───── RECORDED DATA ─────
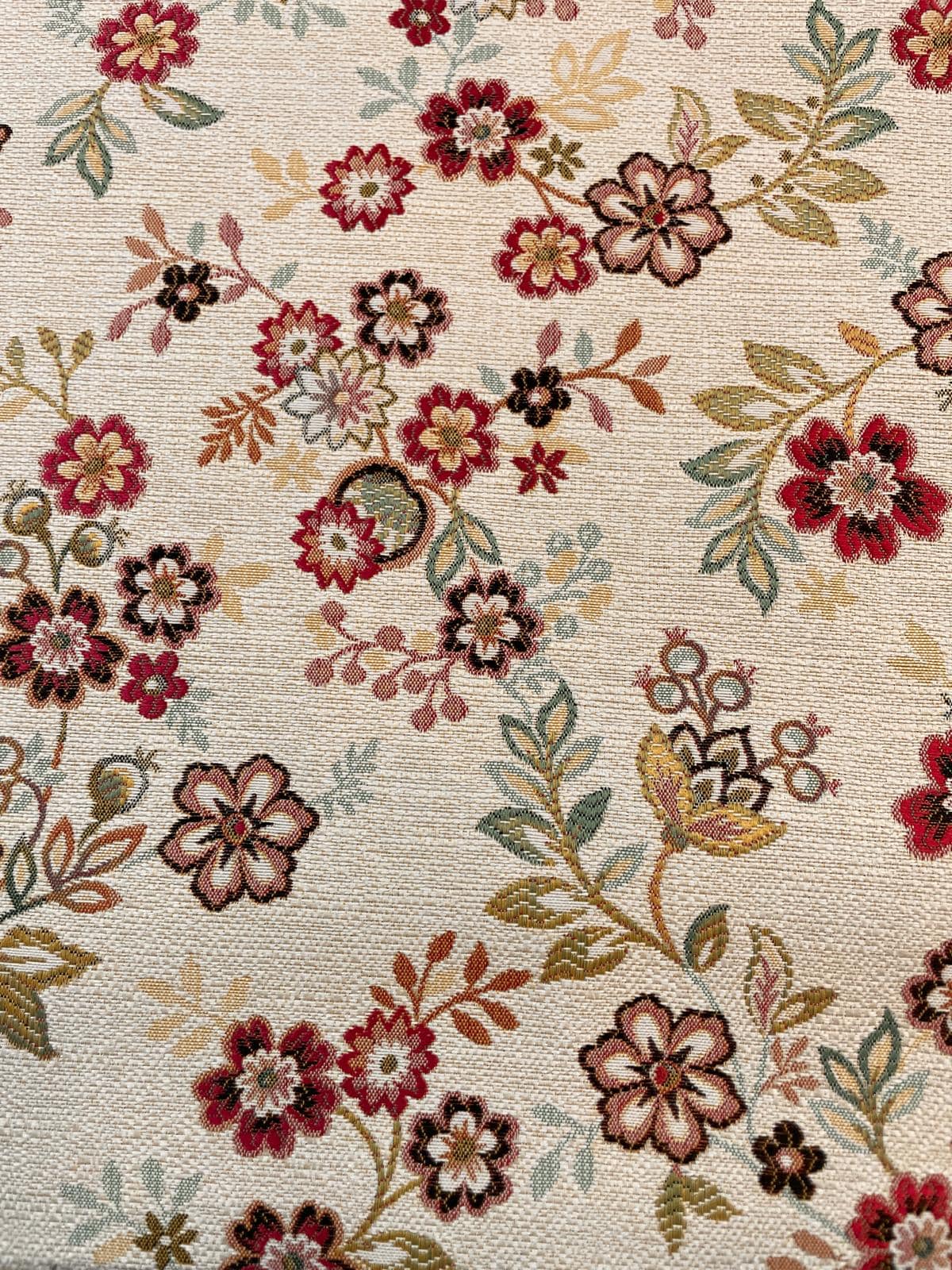 Hochwertig gewebter Gobelinstoff als Meterware mit floralem Jacquard-Muster aus roten, beigen und grünen Blüten auf hellem Grund.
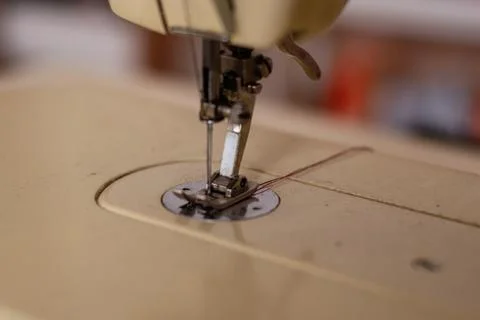 Sewing machine and threaded needle close up Stock Photos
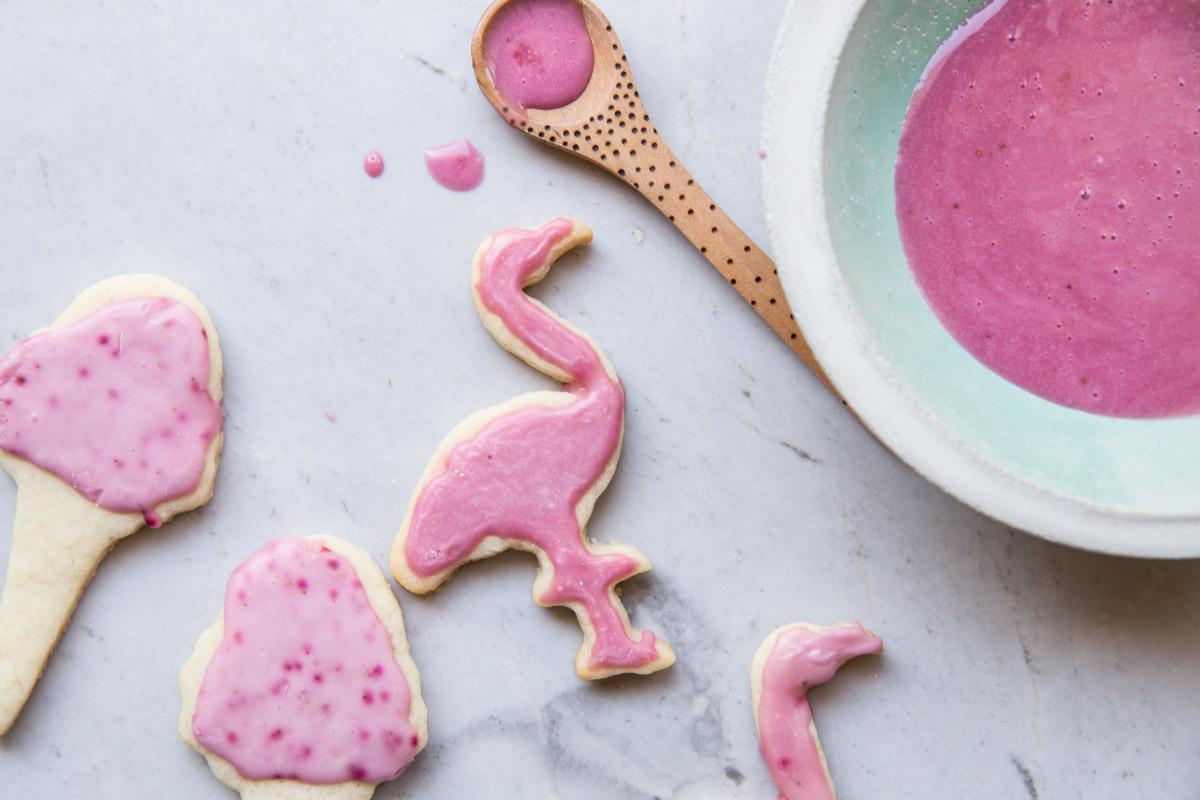 How cute are these flamingo and ice cream cone cut out cookies. This is a fail proof cut out cookie recipe and a delicious icing made with all natural flavors and food coloring.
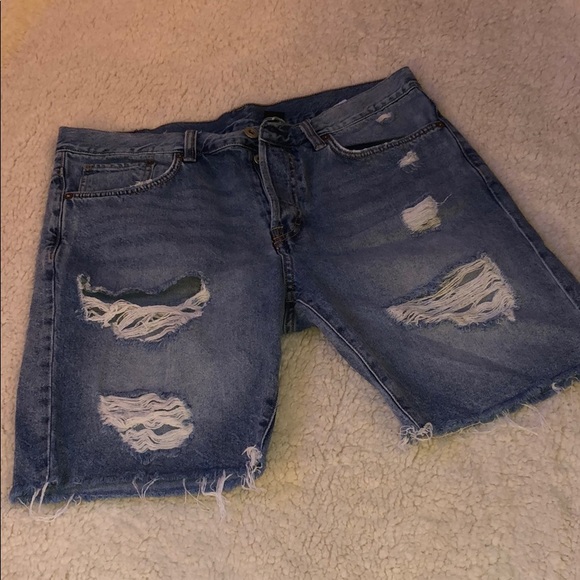 mens denim distressed shorts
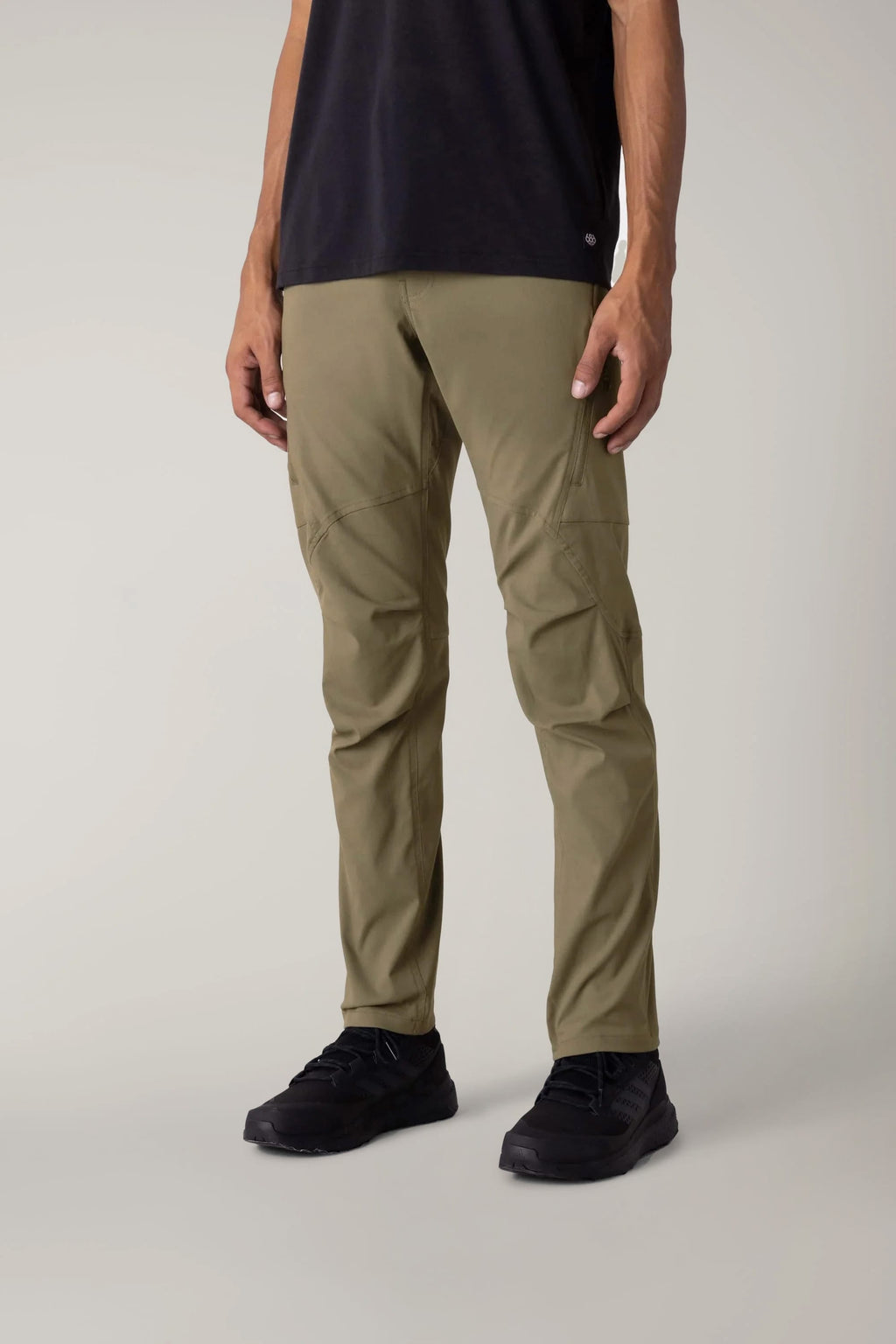 A person in 686 Men's Anything Cargo Pant - Slim Fit (olive green), a black tee, and black sneakers stands against a plain light background. The cropped image highlights the adventure-ready 13-pocket design by 686.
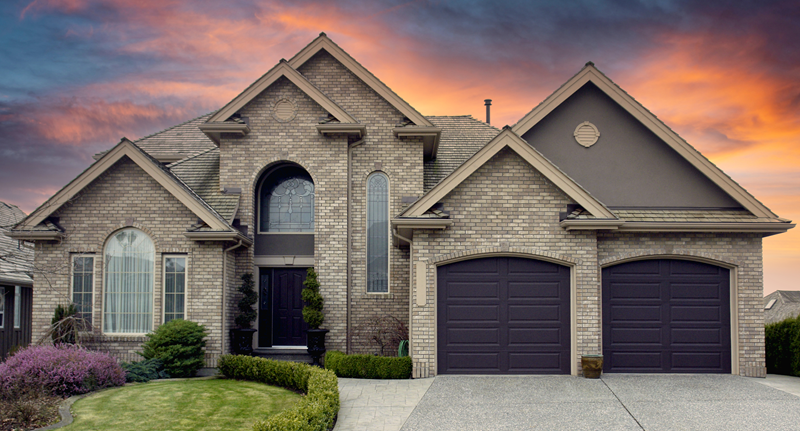 exterior greay brick home with two garage doors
─────
TASK TO CARRY OUT:
An exact copy of all the data above is required; omit any pictures.

RESPONSE:
 Hochwertig gewebter Gobelinstoff als Meterware mit floralem Jacquard-Muster aus roten, beigen und grünen Blüten auf hellem Grund.
 Sewing machine and threaded needle close up Stock Photos
 How cute are these flamingo and ice cream cone cut out cookies. This is a fail proof cut out cookie recipe and a delicious icing made with all natural flavors and food coloring.
 mens denim distressed shorts
 A person in 686 Men's Anything Cargo Pant - Slim Fit (olive green), a black tee, and black sneakers stands against a plain light background. The cropped image highlights the adventure-ready 13-pocket design by 686.
 exterior greay brick home with two garage doors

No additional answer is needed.